EXERCISE REQUIREMENTS: Your copy of the entries below should hold exactly the lines from the one containing "Эти курочки оказались.." to the one containing "chiots_17jours_les8_25.JPG", inclusive, and no pictures.

RECORDS PROVIDED:
┄┄┄┄┄┄┄┄┄┄
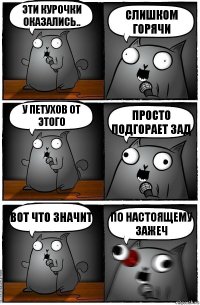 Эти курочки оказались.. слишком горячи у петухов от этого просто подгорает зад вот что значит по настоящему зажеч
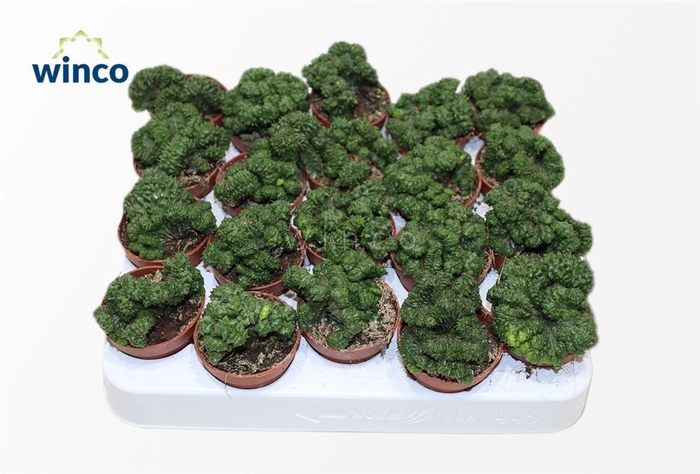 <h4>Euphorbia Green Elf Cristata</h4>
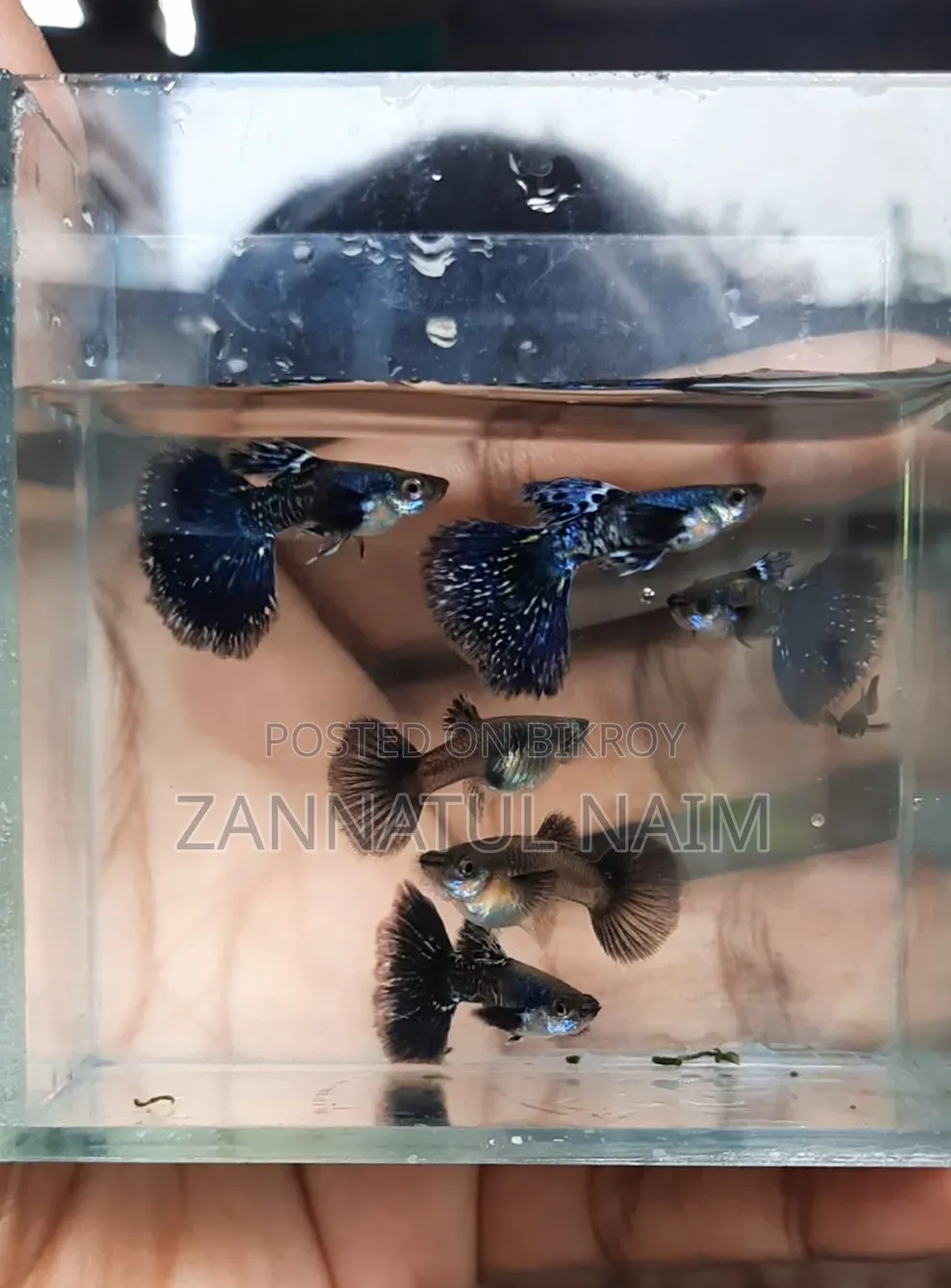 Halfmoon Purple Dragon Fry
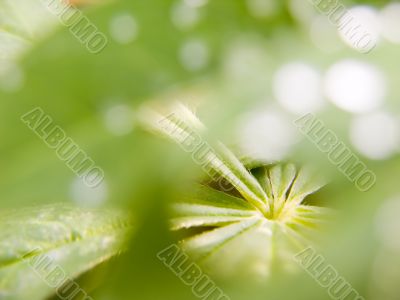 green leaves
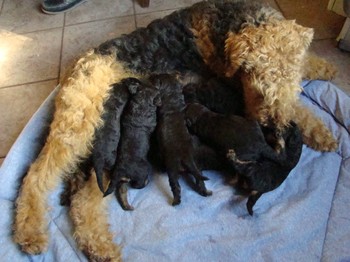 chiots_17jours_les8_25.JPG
┄┄┄┄┄┄┄┄┄┄
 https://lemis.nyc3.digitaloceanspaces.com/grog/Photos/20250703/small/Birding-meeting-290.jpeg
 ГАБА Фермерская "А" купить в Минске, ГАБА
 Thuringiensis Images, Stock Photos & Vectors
┄┄┄┄┄┄┄┄┄┄
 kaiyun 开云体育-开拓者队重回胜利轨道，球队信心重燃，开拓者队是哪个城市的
┄┄┄┄┄┄┄┄┄┄
TASK RESPONSE:
 Эти курочки оказались.. слишком горячи у петухов от этого просто подгорает зад вот что значит по настоящему зажеч
 <h4>Euphorbia Green Elf Cristata</h4>
 Halfmoon Purple Dragon Fry
 green leaves
 chiots_17jours_les8_25.JPG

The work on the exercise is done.